Hacker News

I'm from Spain and I also hate these projects with passion. Creating models that speak multiple languages is a solved problem. Having each European Nation train its own useless "sovereign model" in its own language is a total waste of time and resources when we could pool resources and give it a try to training SOTA models that speak in all European languages.

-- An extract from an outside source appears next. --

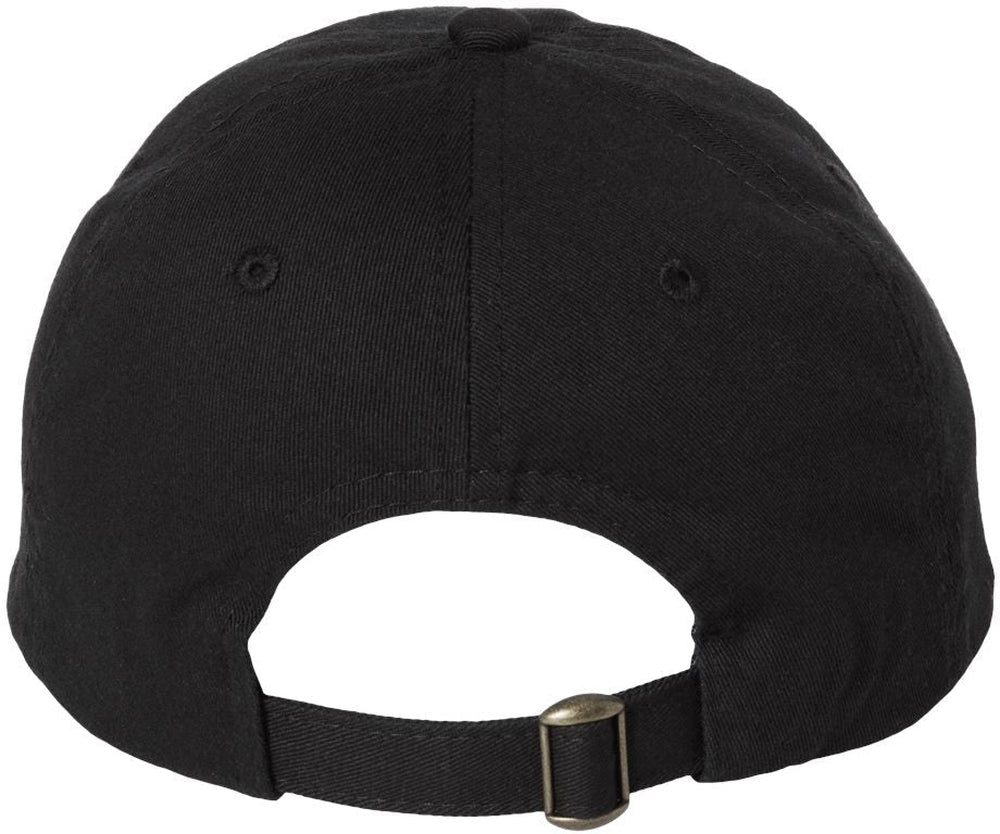 no-logo Valucap Adult Bio-Washed Classic Dad’s Cap-Headwear-Valucap-Thread Logic 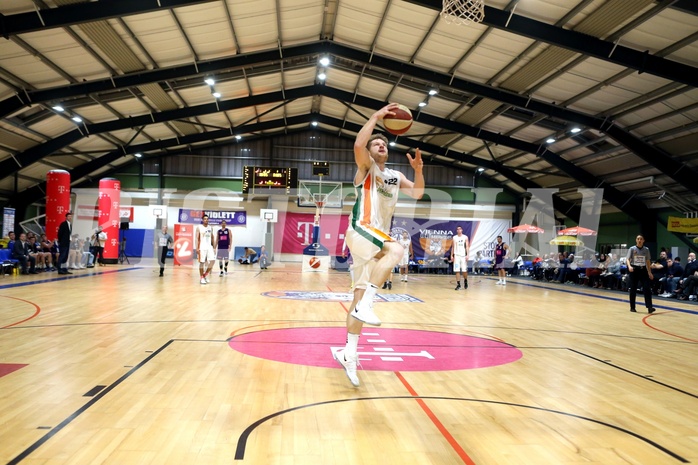 Basketball 2.Bundesliga 2017/18, Grundurchgang 10.Runde D.C. Timberwolves vs. Basket Flames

I'd rather have smaller european labs try to give it a go at distributed training. If multiple countries got together and said, "look, we tried training a distributed model that speaks in all of our local languages and that is comparable to 1-year-old Chinese open-source models", that, at least, I would find interesting.

Zambyte 8 hours ago [ - ]

Excuse my ignorance if by "distributed training" you mean a specific process, but couldn't this be considered a step toward distributed training? If nations train models independently and then later distill them into a single model, all the work (both the compute and the research processes) are distributed for the initial training phase.

andy12_ 7 hours ago [ - ]

I mean it as in, train a model across different clusters instead of a centralized cluster. It's been shown that it's possible to train 10B models this way. If more research effort was put into this, that would be great

I don't think your approach would work because you can't create a strong model from distilling several weak models.

https://www.primeintellect.ai/blog/intellect-1

https://www.primeintellect.ai/blog/intellect-2-release